A Corporation has many of the same rights as a natural person and more rights than a natural person — under the age of majority (minors are not permitted to enter into legally binding contracts).
Suffice it to say, the legal status given to a corporate entity makes it a very powerful vehicle to conduct business and offers significant tax advantages and asset protection when compared to transacting as a natural person.
As a natural person, our tax liabilities are defined by the jurisdiction we fall into, based largely on our citizenship and place of residence. A person’s citizenship isn’t something that is easily changed.
Whereas, the citizenship of your corporation is something you can easily choose based on careful research to determine the best jurisdiction for your business needs.
When it comes to choosing which jurisdiction to incorporate, you quite literally have the world to choose from.
The Republic of Malta — Blockchain Island (by Micaela Parente)

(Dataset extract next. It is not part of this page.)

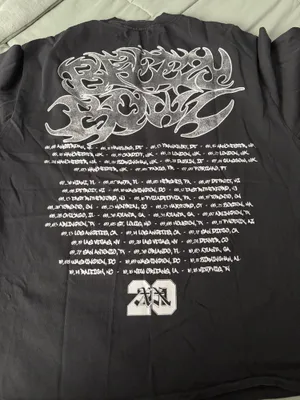 Chris brown concert shirt thumbnail 3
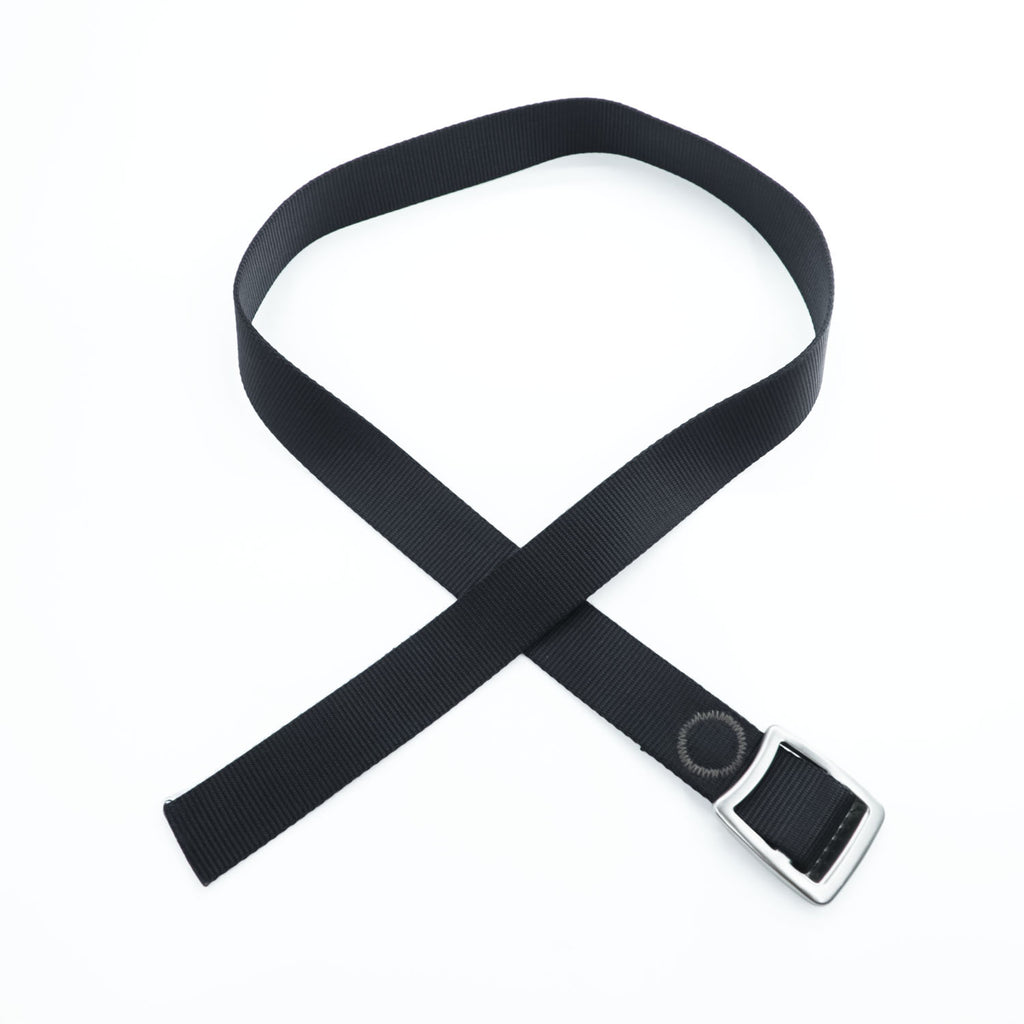 Patagonia Black Nylon Webbing Belt with Metal Buckle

Made popular in the late 70s and early 80s, offshore corporations are now finding a resurgence and a popular vehicle for online businesses, cryptocurrency exchanges, brokerages, and increasingly cryptocurrency investors.
Technically, any corporation registered in a foreign jurisdiction can be classified as an off-shore corporation. However, not all offshore jurisdictions offer preferential tax treatment. The off-shore jurisdictions we will be looking at that offer preferential tax treatment are also considered tax-havens.
The Tax Havens of the World
There are roughly 195 countries in the world and almost 25% (45) of them are considered tax-havens. The more popular tax-havens most people are familiar with are the ones located on small tropical islands, such as the Cayman Islands, Bahamas, St. Martin, St. Lucia, Seychelles, Turks and Caicos, and Bermuda.
There are the lesser-known tax-havens located in key business hubs such as Hong Kong, Panama, and Singapore.
There are also tax havens in well-established and developed countries like Ireland (see: Google), the United Kingdom, and the Netherlands.
Two jurisdictions worth mentioning for cryptocurrency enthusiasts are The Republic of Malta and Panama.
The Island of Malta, Cryptocurrency Tax Haven – Ferenc Horvath
The Republic of Malta:
Generally referred to as just Malta, this small archipelago of islands is located in the Mediterranean Sea and off the southern coast of Italy. The island has been inhabited since 5900 BC and has a long history of conquest and invasion.
This Republic is also known as “blockchain island” is also likely the most crypto-friendly country in the world. Malta has well-developed cryptocurrency regulation which is likely the reason Binance and other exchanges have chosen this jurisdiction to incorporate their business.
Although Malta does not impose capital gains on long-held digital currencies, it does impose a tax on daily trades, at the rate of 35%, making it an unattractive option for many types of investors.
Malta is an excellent jurisdiction for many types of blockchain projects and cryptocurrency exchanges. However, may not be the most suitable choice for the typical cryptocurrency investor.
Panama, Tax Haven — JACQUELINE BRANDWAYN
Geographically located at the narrow bridge of land that connects North and South America, made famous by the Panama Canal and Panama Hats, Panama has been a popular offshore destination for investors long before Bitcoin was a twinkle in Nakamoto’s eye.
This jurisdiction has corporate tax at 0%, does not tax capital gains, dividends or interest.
Additionally, Panama has minimum reporting requirements, not requiring the filing of a tax return or the creation of financial statements.
For many types of investors, Panama ticks a lot of boxes as a jurisdiction for their offshore business. An additional benefit of owning a Panama company is that it also opens the door to permanent residence in the country.